Chih-Jen Lin

National Taiwan University

Optimization plays an important role in many machine learning methods. However, the two areas have very different focuses. The gap has caused that, on the one hand, some machine learning tasks may not suitably use optimization techniques, and on the other hand, optimization researchers may wrongly consider irrelevant issues when applying their methodology to machine learning. In this course I will discuss my past experiences in developing optimization methods for kernel, linear classification, and matrix factorization. We will discuss how to incorporate properties of machine learning problems in designing useful optimization methods.
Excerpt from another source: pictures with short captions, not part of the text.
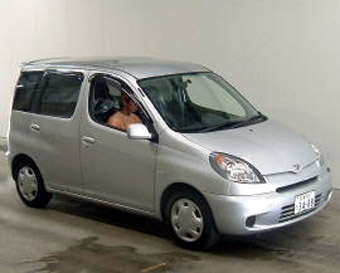 2002 Toyota Funcargo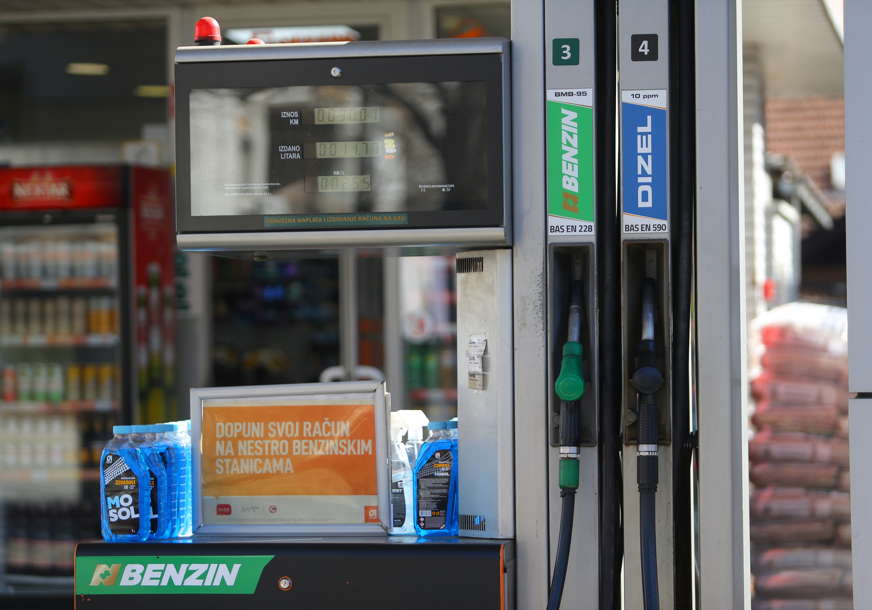 Visina premije iznosi 0,5 KM po litru: Objavljen spisak korisnika regresiranog dizel goriva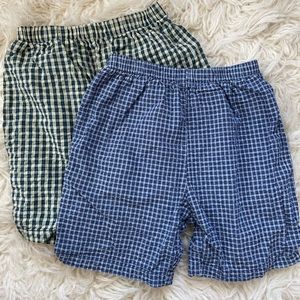 Boys size 6 Mulberribush plaid cotton shorts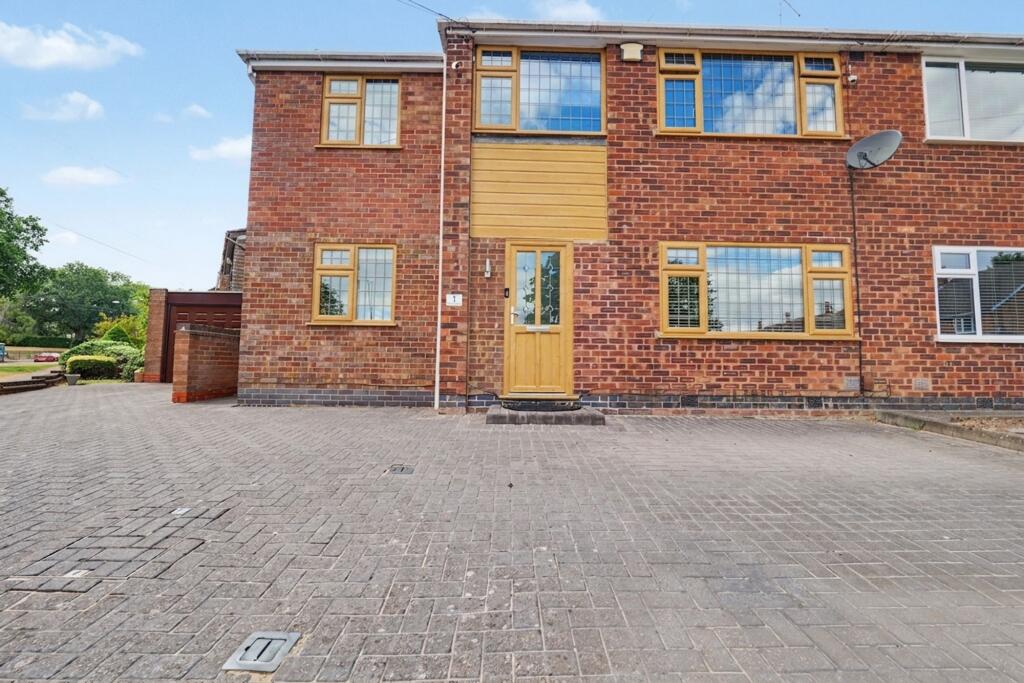Main image of property: Wilmcote Green, Coventry, CV5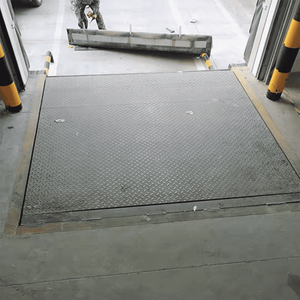 Fixed Boarding Bridge 2000mm <strong>Platform</strong> PLC Controlled Hydraulic Dock <strong>Ramp</strong> with 10000kg Static Load Capacity - Product Image 4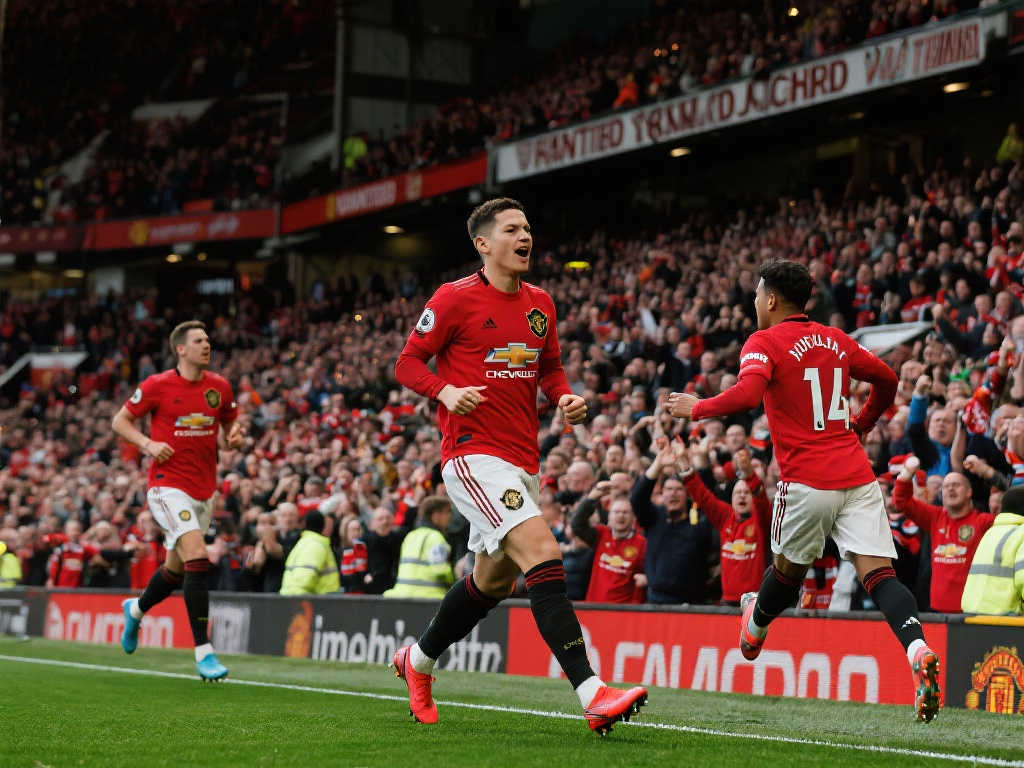 林良锋：曼联士气大振痛快取胜 马圭尔表现令人钦佩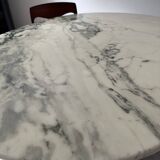 Vintage marble table with tulip base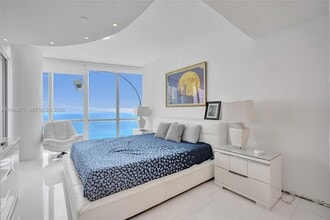 17121 Collins Ave, Unit 3206 in Sunny Isles Beach, FL - Building Photo - Building Photo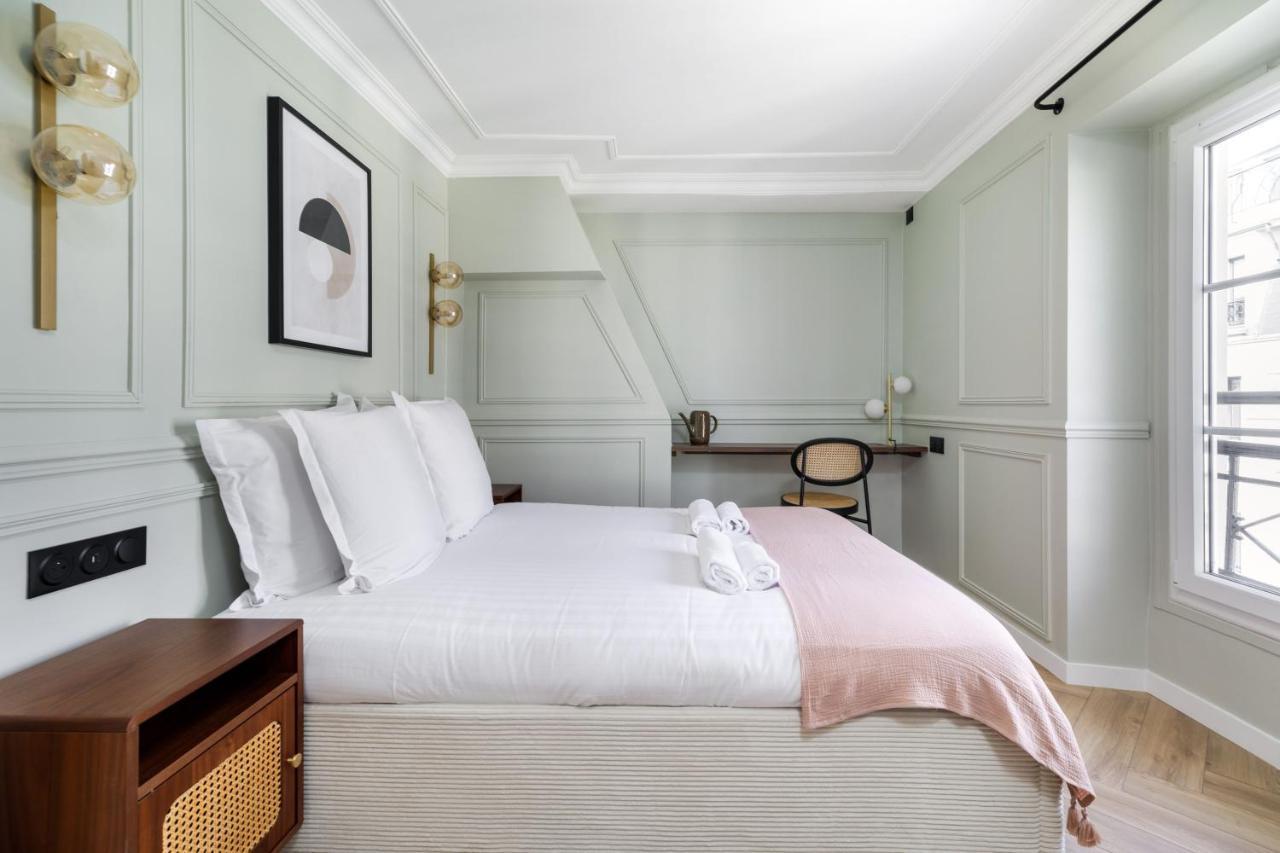 Poetic - Louvre Apartment *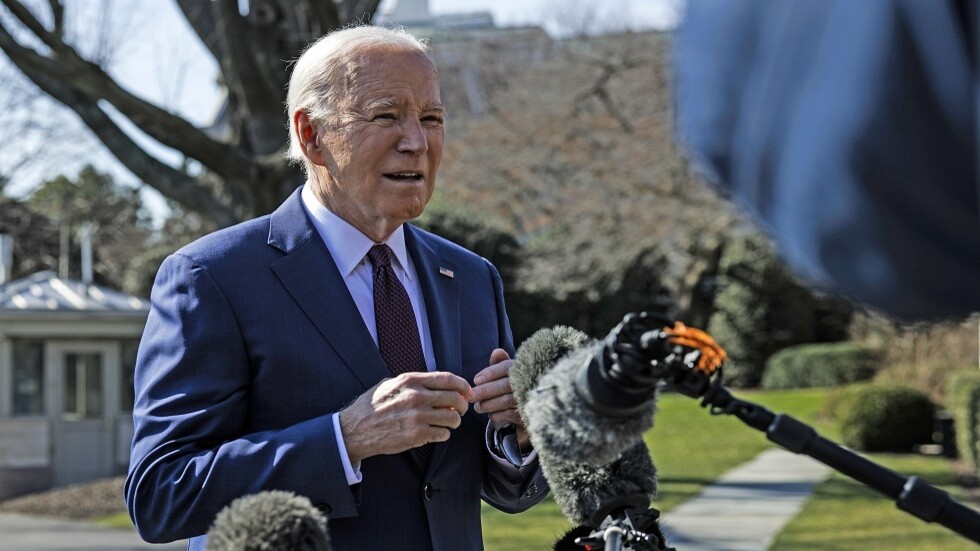 "الزعماء التسعة" وهمسة في أذن بايدن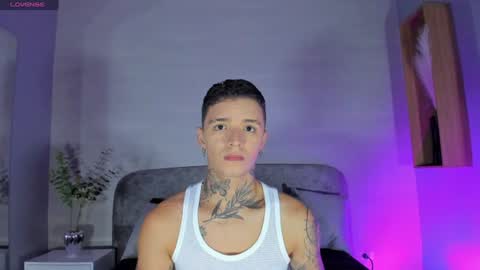 Snapshot of ian_castillo_ chatting on 06.13.26 IAN CASTILLO online show from 06.13.26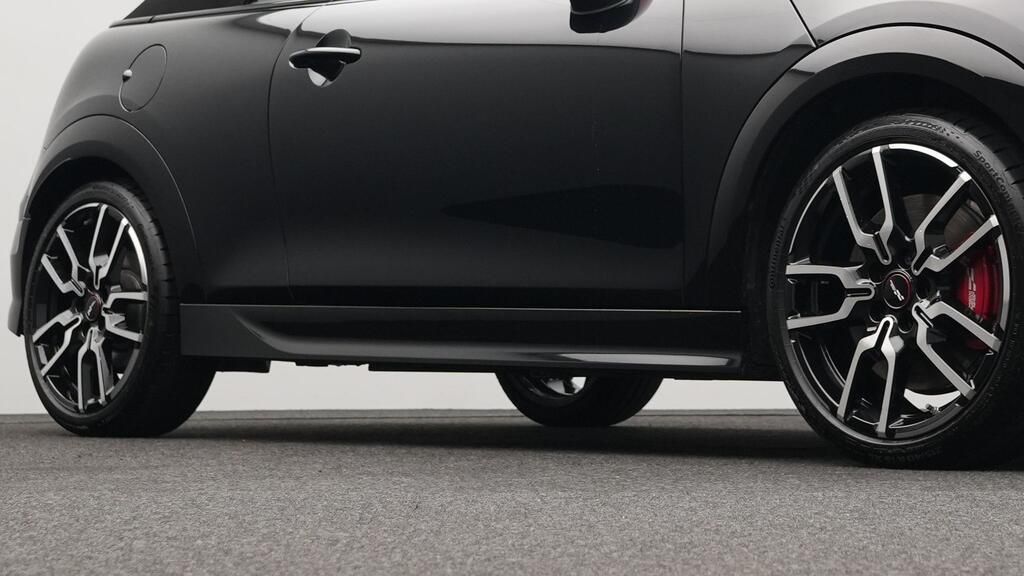 MINI John Cooper Works Cabrio - Bild 23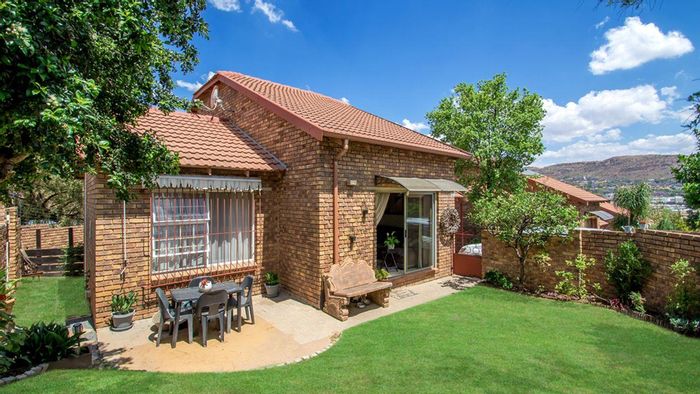 For Sale: 3 Bed Townhouse in Wilgeheuwel with garden, parking, and recent renovations.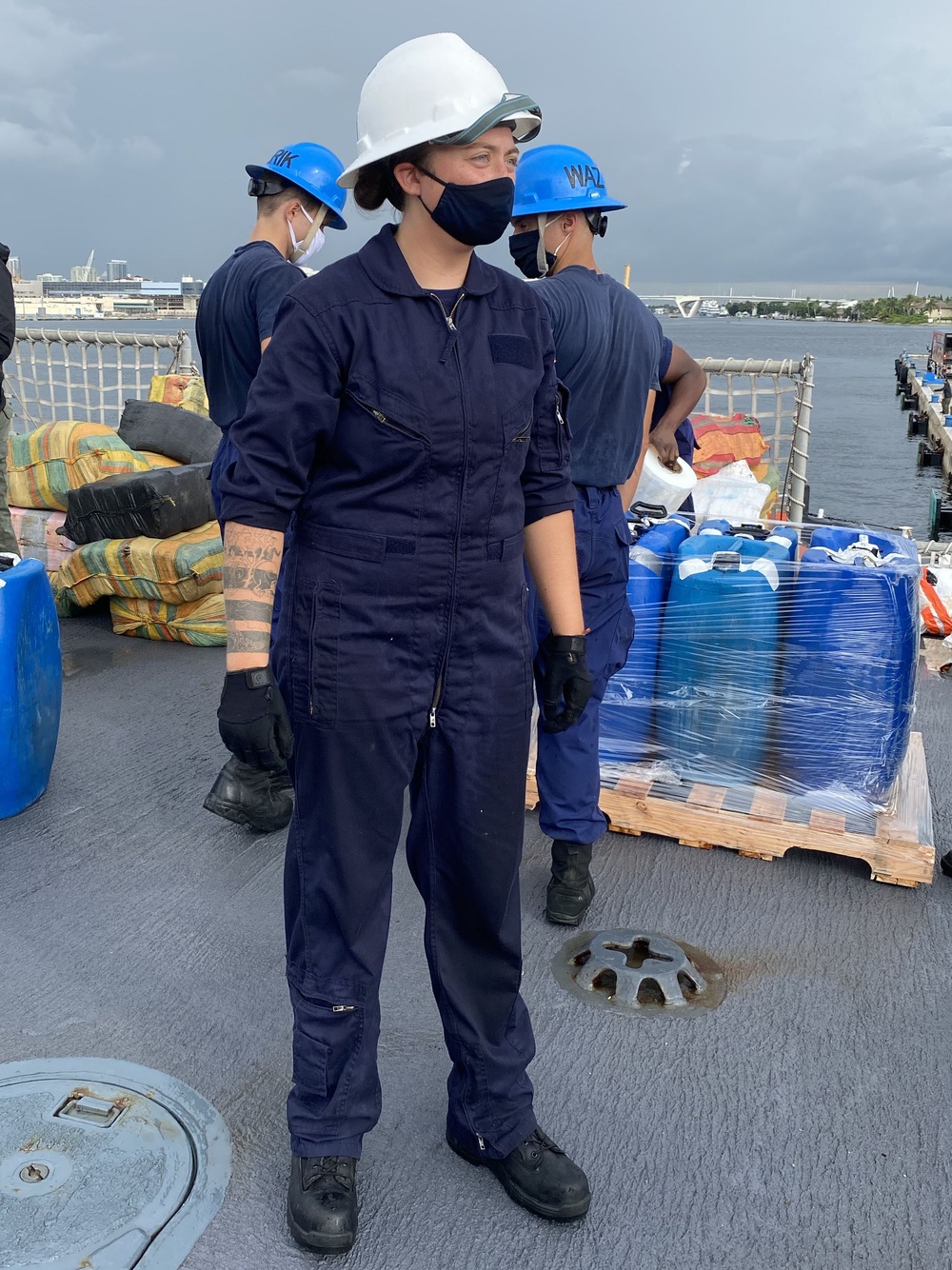 Coast Guard Cutter Escanaba offloads $85.9 million in narcotics at Port Everglades, Florida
The new wave of applications of neural networks to textual problems, Word vectors, Applications of Word vectors, Sentence and Document representations, Recurrent neural network models, Applications.


Laura Palagi

Sapienza University of Rome

Online learners use the information of observed training data into the model via incremental updates without the need for using the entire training data set. This approach is particularly well suited for large-scale machine learning that represents a current setting in which online learning may offer significant computational advantages over batch learning algorithms. Nevertheless, as any model in machine learning, online update models need to take into account conflicting features that are to be good enough to capture the characteristics of the training data, but also avoid overfitting having available only a part of the training data. We review theoretical and practical aspects of incremental gradient and stochastic gradient methods together with recent advances and trends specific for online machine learning. Progress towards distributed and parallel computing is also considered.


Massimiliano Pontil

Istituto Italiano di Tecnologia & University College London

Machine learning studies the problem of learning to perform a given task from a dataset of examples. A fundamental limitation of standard machine learning methods is the cost incurred in preparing large training datasets. Often in applications a limited number of examples is available and the task cannot be solved in isolation. A potential remedy is offered by multitask learning, which aims to learn several related tasks simultaneously. If the tasks share some constraining or generative property which is sufficiently simple it should allow for better learning of the individual tasks even when the individual training datasets are small. In the course, I will present a wide class of multitask learning methods which encourage different forms of task relatedness and illustrate the performance of these methods in applications arising in affective computing, computer vision and user modelling.